Перейти к основному содержанию

Теория отображения и практика холста

24 июля, 00:00

В галерее Института международных отношений Киевского Национального Университета им. Т. Г. Шевченко открылась небезынтересная выставка. Экспозицию составили работы семи молодых киевских графиков и живописцев.

Называется выставка достаточно обтекаемо — «Теория отображения». При этом какое-либо концептуальное единство экспозиции, по- видимому, и не предусматривалось. Большинство молодых творцов преподает в Детской Академии искусств — пожалуй, это единственный общий момент их биографий, да и то, ко всем он не. Но, в общем, «Теория отображения» кажется (особенно если учесть место ее проведения) прежде всего «дипломатической акцией».

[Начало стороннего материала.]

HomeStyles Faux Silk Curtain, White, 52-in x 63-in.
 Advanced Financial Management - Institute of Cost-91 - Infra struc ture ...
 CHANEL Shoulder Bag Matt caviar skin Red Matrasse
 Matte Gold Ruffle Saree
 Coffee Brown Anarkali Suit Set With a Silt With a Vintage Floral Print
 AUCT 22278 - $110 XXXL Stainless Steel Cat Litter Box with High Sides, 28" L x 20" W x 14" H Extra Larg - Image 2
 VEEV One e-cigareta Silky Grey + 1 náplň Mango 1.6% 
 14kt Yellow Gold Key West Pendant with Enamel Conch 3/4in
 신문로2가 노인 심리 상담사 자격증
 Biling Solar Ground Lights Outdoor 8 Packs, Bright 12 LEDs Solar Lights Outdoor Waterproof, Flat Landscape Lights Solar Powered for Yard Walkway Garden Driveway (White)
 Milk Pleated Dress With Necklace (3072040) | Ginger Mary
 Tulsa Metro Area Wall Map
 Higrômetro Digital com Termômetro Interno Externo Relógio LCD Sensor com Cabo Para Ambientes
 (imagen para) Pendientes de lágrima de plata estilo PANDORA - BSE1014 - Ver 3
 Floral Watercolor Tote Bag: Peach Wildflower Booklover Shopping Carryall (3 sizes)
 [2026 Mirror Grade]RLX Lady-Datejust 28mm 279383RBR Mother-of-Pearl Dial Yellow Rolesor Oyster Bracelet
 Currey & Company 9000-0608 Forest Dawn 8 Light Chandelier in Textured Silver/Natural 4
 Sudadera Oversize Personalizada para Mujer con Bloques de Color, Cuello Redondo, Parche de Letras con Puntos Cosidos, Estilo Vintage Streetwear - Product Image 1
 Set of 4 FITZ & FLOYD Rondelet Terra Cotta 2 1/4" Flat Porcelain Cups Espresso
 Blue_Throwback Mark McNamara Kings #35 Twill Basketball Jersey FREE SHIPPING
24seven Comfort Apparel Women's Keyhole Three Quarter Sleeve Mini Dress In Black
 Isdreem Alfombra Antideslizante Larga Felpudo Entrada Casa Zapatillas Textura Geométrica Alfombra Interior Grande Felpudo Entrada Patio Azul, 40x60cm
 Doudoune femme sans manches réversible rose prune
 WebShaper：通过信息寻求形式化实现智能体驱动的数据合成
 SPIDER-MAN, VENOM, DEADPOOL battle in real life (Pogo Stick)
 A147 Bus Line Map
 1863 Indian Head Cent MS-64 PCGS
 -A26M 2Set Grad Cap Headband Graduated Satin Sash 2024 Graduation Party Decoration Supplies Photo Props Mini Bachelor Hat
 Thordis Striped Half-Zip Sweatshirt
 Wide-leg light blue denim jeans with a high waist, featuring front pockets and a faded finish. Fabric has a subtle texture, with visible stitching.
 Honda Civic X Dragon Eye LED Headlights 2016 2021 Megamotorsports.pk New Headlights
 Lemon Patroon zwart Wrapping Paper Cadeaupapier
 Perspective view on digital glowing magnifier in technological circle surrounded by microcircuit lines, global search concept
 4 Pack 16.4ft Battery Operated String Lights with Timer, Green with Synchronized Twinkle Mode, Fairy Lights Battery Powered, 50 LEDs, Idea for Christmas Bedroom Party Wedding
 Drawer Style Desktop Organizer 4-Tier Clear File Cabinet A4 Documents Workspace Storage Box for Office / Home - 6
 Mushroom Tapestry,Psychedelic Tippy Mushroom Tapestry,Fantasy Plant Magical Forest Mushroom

Правда, по ходу действия, так сказать, экспромтом, возникла другая, достаточно любопытная ситуация. Каждый художник получил в свое полное распоряжение пространство, на котором можно полноценно развесить всего три — четыре работы (у Евгения Бобрика получилось чуть ли не шесть, но ему хорошо — у него картины маленькие). Этими тремя-четырьмя творениями и нужно было «представляться», включив в них и что-то традиционное, и — по возможности — новенькое. Справедливости ради следует сказать, что участники «Теории отображения» обыграли такой экспозиционный лаконизм вполне успешно.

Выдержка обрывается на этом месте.